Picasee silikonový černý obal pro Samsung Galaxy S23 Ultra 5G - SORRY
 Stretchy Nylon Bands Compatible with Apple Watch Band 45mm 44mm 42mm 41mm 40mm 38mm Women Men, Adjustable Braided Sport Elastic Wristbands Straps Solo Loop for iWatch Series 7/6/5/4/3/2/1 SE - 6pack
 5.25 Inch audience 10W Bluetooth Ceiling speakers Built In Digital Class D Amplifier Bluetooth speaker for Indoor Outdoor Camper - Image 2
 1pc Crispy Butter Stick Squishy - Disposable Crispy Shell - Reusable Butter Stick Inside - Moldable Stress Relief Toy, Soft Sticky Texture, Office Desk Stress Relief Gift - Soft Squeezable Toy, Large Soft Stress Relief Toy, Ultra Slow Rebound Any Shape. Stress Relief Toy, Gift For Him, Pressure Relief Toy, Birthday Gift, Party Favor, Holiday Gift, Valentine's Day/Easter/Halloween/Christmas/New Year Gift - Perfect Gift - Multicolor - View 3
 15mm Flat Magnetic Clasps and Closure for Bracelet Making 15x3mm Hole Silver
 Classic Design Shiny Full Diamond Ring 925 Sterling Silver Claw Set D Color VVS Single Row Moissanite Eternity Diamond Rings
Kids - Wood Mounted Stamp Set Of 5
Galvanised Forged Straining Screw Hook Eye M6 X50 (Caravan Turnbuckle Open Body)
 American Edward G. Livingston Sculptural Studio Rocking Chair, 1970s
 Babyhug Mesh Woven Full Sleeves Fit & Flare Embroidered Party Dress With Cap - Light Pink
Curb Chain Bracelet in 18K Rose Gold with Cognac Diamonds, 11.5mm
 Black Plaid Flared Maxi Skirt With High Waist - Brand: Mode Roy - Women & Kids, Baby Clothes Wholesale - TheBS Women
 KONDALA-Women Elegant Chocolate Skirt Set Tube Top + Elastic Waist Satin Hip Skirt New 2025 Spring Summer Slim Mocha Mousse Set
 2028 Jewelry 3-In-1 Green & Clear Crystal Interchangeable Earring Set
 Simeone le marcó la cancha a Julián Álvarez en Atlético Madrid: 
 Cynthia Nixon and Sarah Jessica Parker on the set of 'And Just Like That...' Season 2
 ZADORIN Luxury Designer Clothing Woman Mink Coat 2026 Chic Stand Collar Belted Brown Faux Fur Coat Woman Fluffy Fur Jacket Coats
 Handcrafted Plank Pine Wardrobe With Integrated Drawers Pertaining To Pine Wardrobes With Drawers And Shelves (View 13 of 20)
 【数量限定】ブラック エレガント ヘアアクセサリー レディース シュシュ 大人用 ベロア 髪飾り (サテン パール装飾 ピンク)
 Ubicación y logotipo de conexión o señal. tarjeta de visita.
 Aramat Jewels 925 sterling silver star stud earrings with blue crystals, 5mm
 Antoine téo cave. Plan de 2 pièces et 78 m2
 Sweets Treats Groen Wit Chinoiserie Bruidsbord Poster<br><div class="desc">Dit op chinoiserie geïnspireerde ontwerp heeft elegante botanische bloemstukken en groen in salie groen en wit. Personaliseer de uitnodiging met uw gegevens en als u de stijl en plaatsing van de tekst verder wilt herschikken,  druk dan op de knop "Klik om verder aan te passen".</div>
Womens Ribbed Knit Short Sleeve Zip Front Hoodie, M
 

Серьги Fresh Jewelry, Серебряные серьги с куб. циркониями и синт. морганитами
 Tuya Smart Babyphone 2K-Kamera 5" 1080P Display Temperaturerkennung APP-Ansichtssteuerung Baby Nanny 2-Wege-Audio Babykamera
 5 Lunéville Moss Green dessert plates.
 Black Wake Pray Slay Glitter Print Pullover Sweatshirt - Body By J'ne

- [Task description] Word for word, return the lines from the one holding "Antoine téo cave. Plan de 2 pièces et 78 m2" through the end of the entries above.

- [The completed task]
 Antoine téo cave. Plan de 2 pièces et 78 m2
 Sweets Treats Groen Wit Chinoiserie Bruidsbord Poster<br><div class="desc">Dit op chinoiserie geïnspireerde ontwerp heeft elegante botanische bloemstukken en groen in salie groen en wit. Personaliseer de uitnodiging met uw gegevens en als u de stijl en plaatsing van de tekst verder wilt herschikken,  druk dan op de knop "Klik om verder aan te passen".</div>
Womens Ribbed Knit Short Sleeve Zip Front Hoodie, M
 

Серьги Fresh Jewelry, Серебряные серьги с куб. циркониями и синт. морганитами
 Tuya Smart Babyphone 2K-Kamera 5" 1080P Display Temperaturerkennung APP-Ansichtssteuerung Baby Nanny 2-Wege-Audio Babykamera
 5 Lunéville Moss Green dessert plates.
 Black Wake Pray Slay Glitter Print Pullover Sweatshirt - Body By J'ne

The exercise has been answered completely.